Una pasionaria fai da te e tanta ipocrisia politica a Destra come a Sinistra
In punta di spillo, una rubrica di Bruno Fasani
Se non fosse per l’amore del padre, che non cessa tenacemente di fare il padre, il destino di Ilaria Salis non sarebbe diverso da quello dei nostri 2600 prigionieri confinati in qualche carcere del mondo, nella più totale indifferenza degli italiani e dei politici che se ne dovrebbero prendere cura. Di questa cittadina trentanovenne, nata a Monza e residente a Milano, dove fa la maestra elementare, l’idea che mi sono fatto è che, al di là dei proclami di antifascismo di cui si appunta fanaticamente la medaglia, sia un tantino sprovveduta. Una moderna “pasionaria” di periferia la quale, più che al ricorso di intelligenti strategie politiche, si limita a gesti clamorosi, tirandosi addosso denunce e ripetute segnalazioni da parte dell’autorità giudiziaria. L’ultimo atto, probabilmente dagli esiti mal calcolati, è quello che le è costato l’arresto in Ungheria nel 2023. Lo scorso anno, a Budapest si celebrava il Giorno dell’Onore, un raduno dell’estrema Destra europea, per ricordare come nel 1945 un Battaglione nazista aveva respinto l’Armata russa che tentava l’invasione del Paese.
La Salis era partita insieme ad altri manifestanti dei centri sociali per contrastare quella manifestazione. Ne era scaturito uno scontro a manganellate durante il quale due rappresentanti nazifascisti erano finiti in ospedale, sia pure con lievi ferite. Identificata e arrestata, Ilaria Salis ora rischia 24 anni di carcere, una pena davvero sproporzionata, oltre ogni logica. Ma quello che ha colpito l’opinione pubblica europea è il trattamento inumano con cui è stata gestita la sua immagine pubblica, durante le prime fasi del processo. È stata tradotta in tribunale con una catena, come si sarebbe fatto con un animale pericoloso e con i ceppi ai piedi. Immagini, che raccontano un trattamento umiliante, che va contro tutte le carte dei diritti civili e i principi dell’Unione europea.

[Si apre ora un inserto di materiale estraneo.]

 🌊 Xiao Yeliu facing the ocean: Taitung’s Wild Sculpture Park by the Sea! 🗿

Ma più ancora che vittima di se stessa, Ilaria Salis rischia ora di esserlo anche dell’ipocrisia della politica italiana. A cominciare dalla Destra la quale, con pilatesca indifferenza, ha giustificato ripetutamente la propria impotenza a intervenire, nascondendosi dietro al dito della sovranità giudiziaria per cui, se in Ungheria la legge è questa, loro non ci possono fare nulla. Ma cosa avrebbero fatto se, anziché in “collegio” dall’amico Orban, la signora Salis fosse stata prigioniera in un Paese comunista? Perché nessuno ha ricordato al signor Orban che se vuole avere i soldi dall’Europa, che anche gli italiani versano ogni anno, dovrebbe cominciare a rispettare le leggi che valgono per tutti i cittadini dell’Unione? Quando la Destra italiana dice che ogni Stato applica le proprie leggi, c’è o ci fa? A grattare sotto la scorza si scopre che l’ipocrisia più grossa è quella dei due pesi e due misure, quando si valuta se strillare, guardando prima se dall’altre parte c’è un avversario oppure un amico di merende.

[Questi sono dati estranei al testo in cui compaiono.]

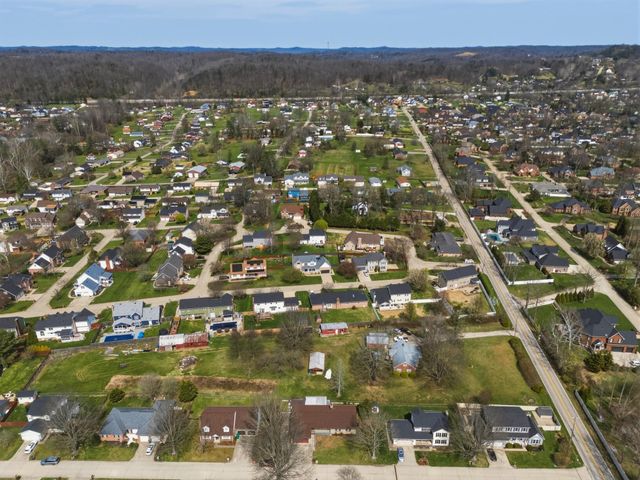 6 Royal Oak Court, Hurricane, WV 25526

Ma per una ipocrisia di Destra non ce n’è una minore di Sinistra. A parte la stupidità di proporre la signora Salis come candidata al Parlamento europeo (usare il manganello non è fare politica. È violenza. Punto e a capo), l’impressione è che ancora una volta si usi il caso di questa prigioniera per fare opposizione al governo. Che sarebbe come dire: di te, cara Salis, non ce ne importa un fico, ma ci torni utile per le nostre strategie elettorali. Se davvero la signora Schlein ha a cuore i destini dei carcerati cominci a battere un colpo sulle tante situazioni di disagio e sulla giustizia italiana che fa acqua da tutte le parti. Ne uscirebbe meglio lei e più credibili le sue battaglie.